A major cryptocurrency phishing attack recently led to a substantial financial loss. The victim, using the wallet address 0x1749, lost $4.20 million in assets, specifically in aEthWETH and aEthUNI. This incident was reported on January 22 by Scam Sniffer, a Web3 scam detection service, just 40 minutes later.

insane! someone lost $4.20m worth of aEthWETH and aEthUNI to crypto phishing about 40 minutes ago!https://t.co/PqtYbfjrW5 pic.twitter.com/2Nhx4HDQcK
— Scam Sniffer | Web3 Anti-Scam (@realScamSniffer) January 22, 2024

The scam involved the victim unknowingly signing multiple ERC20 Permit signatures. These signatures granted access to the scammers, operating under the addresses 0x00003 and 0xf6. They exploited a feature known as CREATE2, which facilitated this phishing attempt.

CREATE2, an opcode in Solidity, enables developers to determine a smart contract’s address before it’s deployed, a feature introduced in Ethereum with EIP-1014. Unlike its predecessor, CREATE, CREATE2 ensures contract addresses remain unaffected by future blockchain events, allowing for the deployment at a pre-determined address.

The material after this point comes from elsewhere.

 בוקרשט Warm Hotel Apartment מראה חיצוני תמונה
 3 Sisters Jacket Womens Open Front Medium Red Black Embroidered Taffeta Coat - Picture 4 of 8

The phishing attack isn’t the only one that has been plaguing the crypto market of late. Eli Regalado, the founder of INDXcoin and an online pastor, has confessed to committing fraud in Colorado. He admitted taking $1.3 million from selling INDXcoin, which he claimed was “worthless,” stating he was instructed by divine guidance. From June 2022 to April 2023, his church helped raise about $3.2 million from over 300 investors. Regalado revealed that half of this amount went to the IRS, with the rest used for home remodeling, which he claimed was divinely inspired.

Furthermore, Scam Sniffer has been monitoring a rise in phishing activities targeting Solana users. Their report documented losses of approximately $4.17 million from 3,947 users across various phishing campaigns. These phishing methods included a scam involving a fake airdrop and non-fungible token (NFT) offering, targeting ZERO token holders with links to fraudulent NFT sites.

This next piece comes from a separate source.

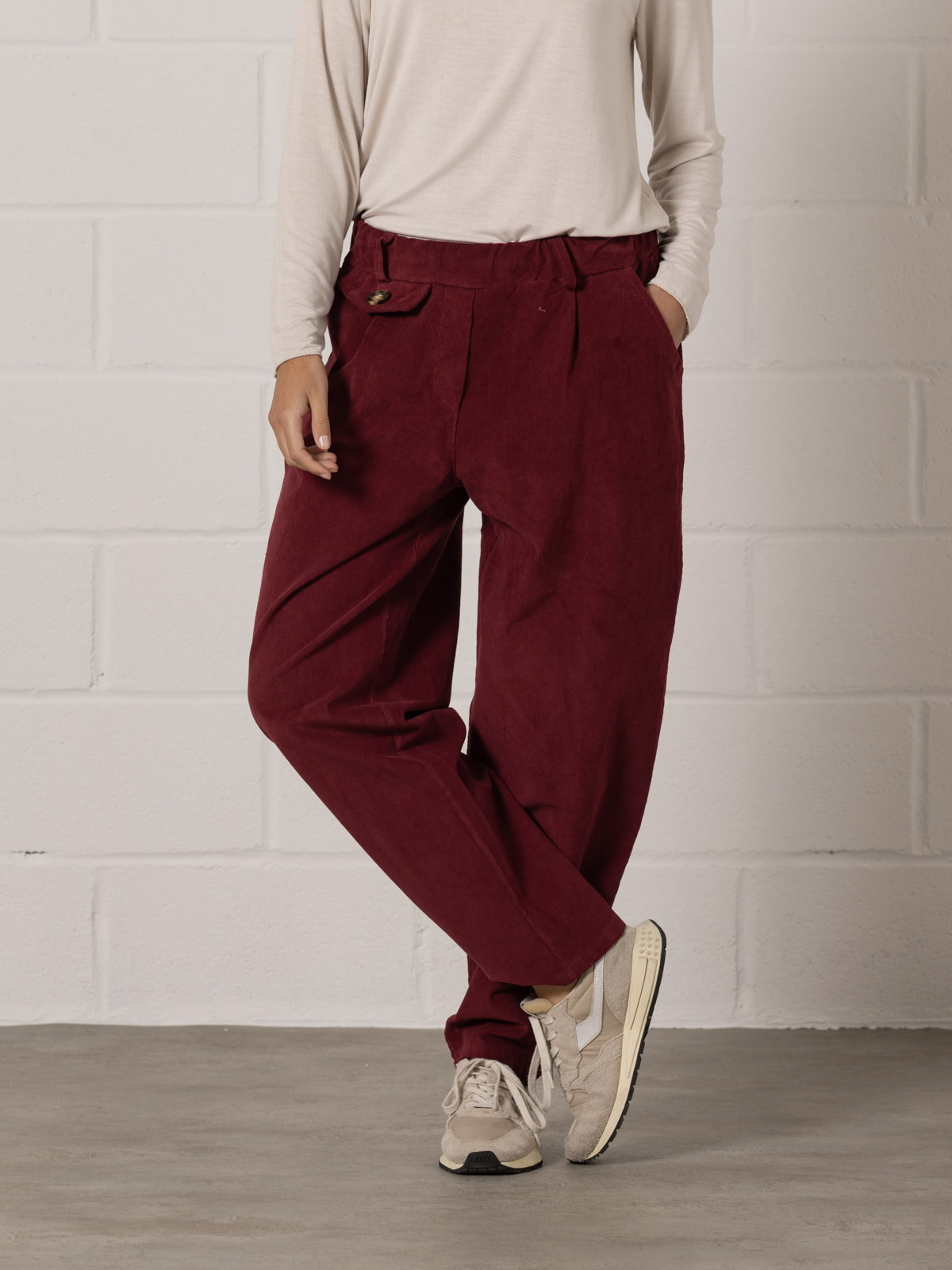 Momfit stretch micro-corduroy trousers  Bordeaux colour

Dune Analytics reported that around $2.14 million was lost by 2,189 victims in these phishing campaigns, with notable tokens such as BONK, ZERO, USDT, and USDT being targeted. These scams are also becoming increasingly sophisticated, with scammers avoiding the deployment of NFTs on the Solana network, which doesn’t blacklist these NFTs.

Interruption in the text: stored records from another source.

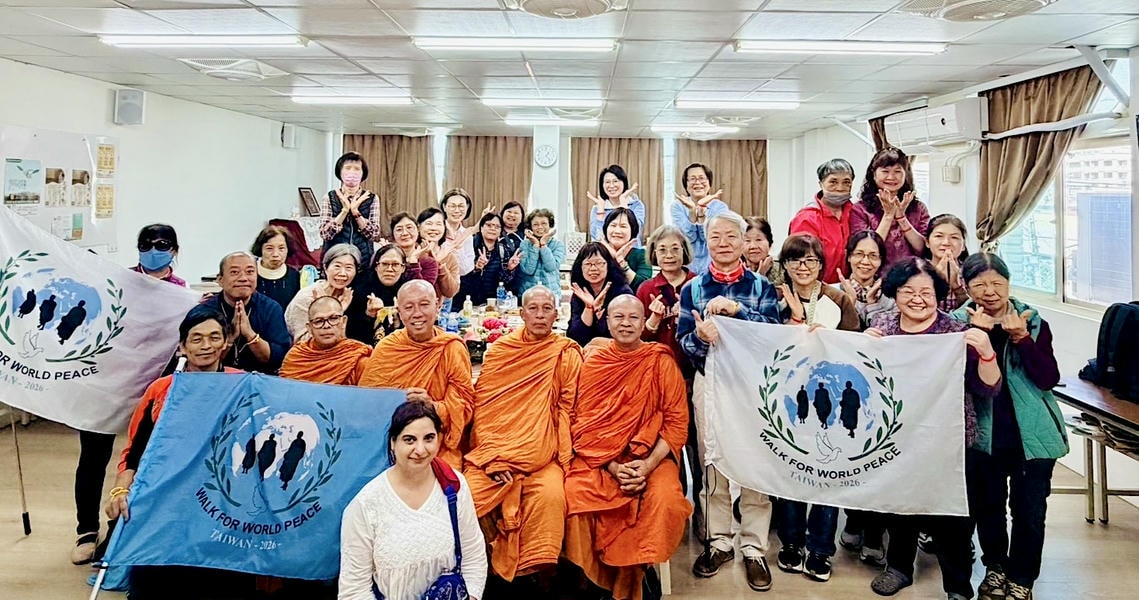 福智僧團月稱光明寺及福智傳心 以護持行動響應國際僧侶「為世界和平而走」 傳遞「和平從心開始」 祈願戰事止息
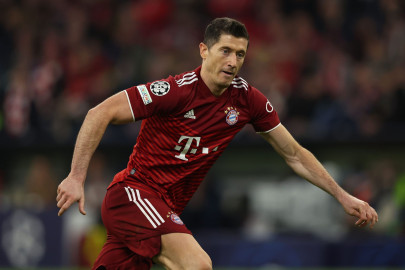 bayern want lewandowski to stay kahn bayern want lewandowski to stay kahn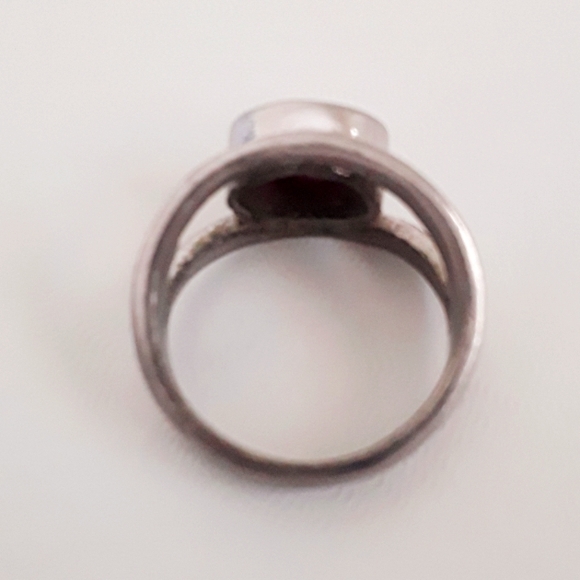 RUBY STONE SILVER RING - Picture 5 of 6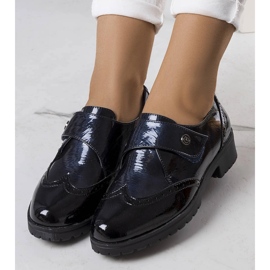 Marinblå lackade skor från Bateli svart 1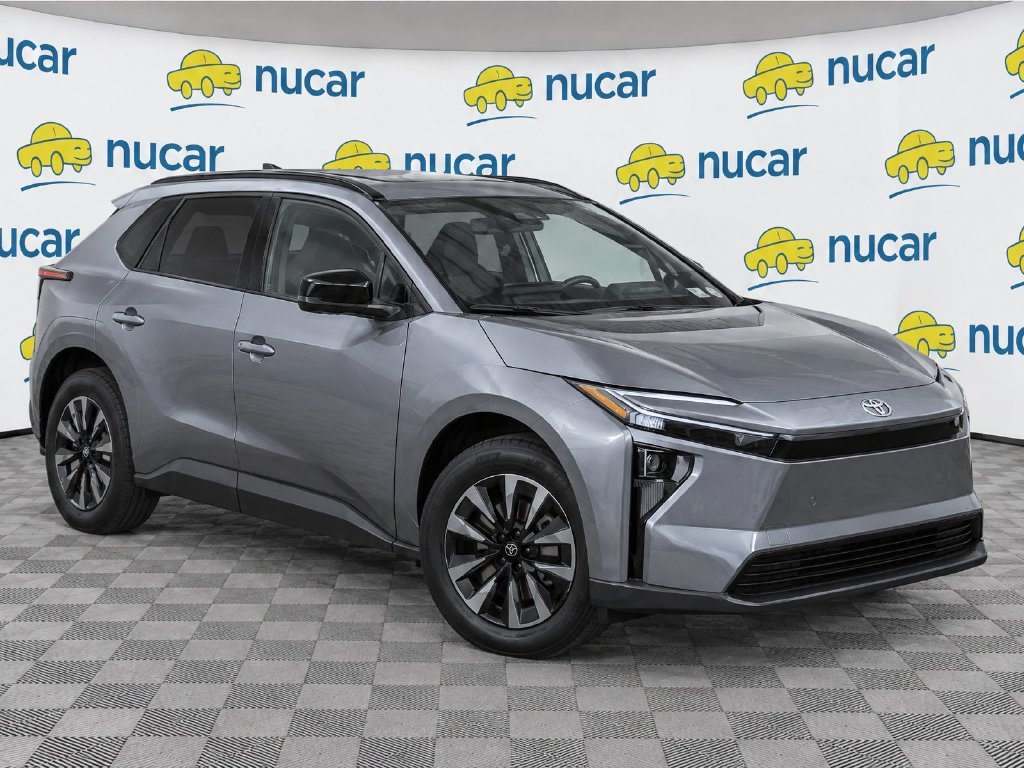 Used 2026  Toyota XLE image 2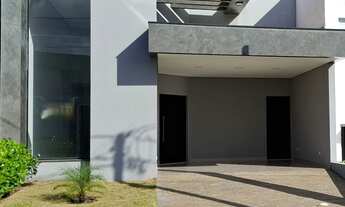 Imagem: Casa Alto Padrão a venda em Condomínio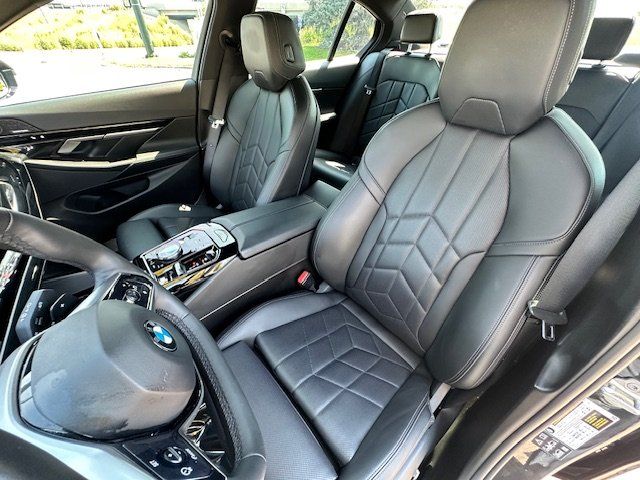 Vehicle image 15 of 43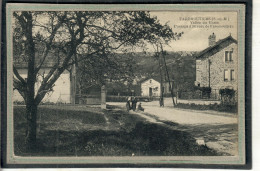 CPA  (77) FAREMOUTIERS - Aspect Du Quartier Du Passage à Niveau En 1923 - Faremoutiers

The “2023 Wallet Drainers Report” by Scam Sniffer highlighted a monthly increase in crypto phishing scams throughout 2023, with increasingly complex methods being employed. In 2023, Wallet Drainers alone accounted for approximately $295 million in losses from about 324,000 victims. A notable incident on March 11 saw scammers stealing $7 million, primarily due to fluctuations in USDC rates, tricking victims through fake Circle websites.